Saturday, October 18, 2008

Jeremy Grantham: Third Quarter Letter

Mr. Grantham's firm, GMO, manages $126 Billion.
From GMO:
The time to blame should be past, or at least in abeyance until the crisis is past, but I find it impossible to avoid it completely. Sorry. In any case, just to set the scene, it is necessary to review briefly the poisonous wind that we all sowed....
Read the entire letter if you have time but do not miss the first two pages for the most concise explanation of how we got to this sorry state that I have seen. Why might you want to read more?:
...Our 10-year forecast for the S&P 500 10 years ago was a lowly -1.1% real, an extreme outlier among forecasts. At the end of September the real return was exactly nil (0.0%). But it only took three days of October to hit our -1.1% forecast on the nose! Ten years and three days. For emerging equities, our forecast was +10.9% real and the actual was +12.8%. Not too bad, but even here in seven days – horrible days, admittedly – the return of emerging crossed our forecast on the way down....
Mr. Grantham concludes his discussion of China:
...Simple old “Econ 101” thinking would suggest that their capital goods sector will have a bigger drop than the rest of the economy, and that export growth rates might slow from very large to even nil or worse. The one openended offset might be in Keynesian or Rooseveltian government spending, upping their already massive infrastructure spending by A LOT. (This is a specialized
economic term.)...
And ends this letter:
...Provisional Recommendations
(October 10 - S&P 900)
At under 1000 on the S&P 500, U.S. stocks are very reasonable buys for brave value managers willing to be early.

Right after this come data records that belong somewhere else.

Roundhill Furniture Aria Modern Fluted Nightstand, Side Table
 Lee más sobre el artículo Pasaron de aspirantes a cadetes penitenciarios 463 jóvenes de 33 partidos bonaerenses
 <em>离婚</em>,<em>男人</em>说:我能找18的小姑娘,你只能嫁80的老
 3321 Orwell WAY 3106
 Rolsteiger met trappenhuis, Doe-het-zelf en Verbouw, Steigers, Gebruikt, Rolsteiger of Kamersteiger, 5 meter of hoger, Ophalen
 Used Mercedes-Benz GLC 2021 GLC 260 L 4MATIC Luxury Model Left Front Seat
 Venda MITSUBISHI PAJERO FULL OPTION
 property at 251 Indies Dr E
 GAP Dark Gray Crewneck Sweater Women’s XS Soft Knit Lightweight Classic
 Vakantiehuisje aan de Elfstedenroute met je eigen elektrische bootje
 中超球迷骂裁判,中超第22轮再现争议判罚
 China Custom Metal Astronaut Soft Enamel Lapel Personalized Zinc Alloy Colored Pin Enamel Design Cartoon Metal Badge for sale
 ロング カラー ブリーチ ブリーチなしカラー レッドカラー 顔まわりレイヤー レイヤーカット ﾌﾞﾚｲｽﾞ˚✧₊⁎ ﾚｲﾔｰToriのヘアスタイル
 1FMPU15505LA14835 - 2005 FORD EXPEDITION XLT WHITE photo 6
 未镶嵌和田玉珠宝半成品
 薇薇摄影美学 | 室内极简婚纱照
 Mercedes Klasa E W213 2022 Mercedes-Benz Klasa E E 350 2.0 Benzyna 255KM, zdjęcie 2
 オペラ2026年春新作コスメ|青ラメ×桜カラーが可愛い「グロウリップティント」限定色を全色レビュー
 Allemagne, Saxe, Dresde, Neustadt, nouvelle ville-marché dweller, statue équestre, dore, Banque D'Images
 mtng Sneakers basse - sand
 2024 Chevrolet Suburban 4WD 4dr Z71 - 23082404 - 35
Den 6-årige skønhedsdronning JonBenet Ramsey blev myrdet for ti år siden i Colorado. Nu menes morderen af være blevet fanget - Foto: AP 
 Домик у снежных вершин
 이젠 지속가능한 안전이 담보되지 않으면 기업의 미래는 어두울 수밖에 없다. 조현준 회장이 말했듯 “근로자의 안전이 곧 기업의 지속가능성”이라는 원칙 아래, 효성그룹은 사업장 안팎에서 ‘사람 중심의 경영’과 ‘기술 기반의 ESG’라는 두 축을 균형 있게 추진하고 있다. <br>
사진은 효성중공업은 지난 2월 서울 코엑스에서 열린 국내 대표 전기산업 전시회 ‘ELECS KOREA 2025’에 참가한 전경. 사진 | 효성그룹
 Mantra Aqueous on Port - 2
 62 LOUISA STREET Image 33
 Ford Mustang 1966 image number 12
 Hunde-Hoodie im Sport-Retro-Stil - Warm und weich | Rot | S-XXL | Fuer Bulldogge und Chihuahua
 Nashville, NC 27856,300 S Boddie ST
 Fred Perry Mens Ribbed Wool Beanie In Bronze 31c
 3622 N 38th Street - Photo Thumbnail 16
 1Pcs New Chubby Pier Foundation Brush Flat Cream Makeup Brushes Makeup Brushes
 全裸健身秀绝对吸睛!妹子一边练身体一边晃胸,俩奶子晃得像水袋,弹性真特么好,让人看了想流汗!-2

The same applies to EAFE and emerging equities at October 10th prices, but even more so. History warns, though, that new lows are more likely than not. Fixed income has wide areas of very attractive, aberrant pricing. The dollar and the yen look okay for now, but the pound does not. Don’t worry at all about inflation. We can all save up our worries there for a couple of years from now and then really worry! Commodities may have big rallies, but the fundamentals of the next 18 months should wear them down to new two-year lows. As for us in asset allocation, we have made our choice: hesitant and careful buying at these prices and lower. Good luck with your decisions.
Part 2 of this Letter will be posted in two weeks or so.
(8 page PDF)
GMO LLC Home
HT: ClusterStock who headlined their post:
Grantham: Stocks May Fall Another 50%, But Still Time To Buy
Their second and third paragraphs:
...First: As we've noted before, the three great stock-market bubbles of the 20th Century--US in 1929, US in 1965, and Japan in 1989--were all followed by price troughs that were 50% below fair value. (See charts below right). The bubble that peaked last fall was every bit as spectacular as these earlier bubbles, so it seems reasonable to expect that stock prices might trough 50% below fair value this time, too.

Jeremy puts fair value on the S&P 500 at about 975 (vs. Friday's close of 940). A trough of 50% below fair value, therefore, would be about 500, or some 45%+ below today's levels....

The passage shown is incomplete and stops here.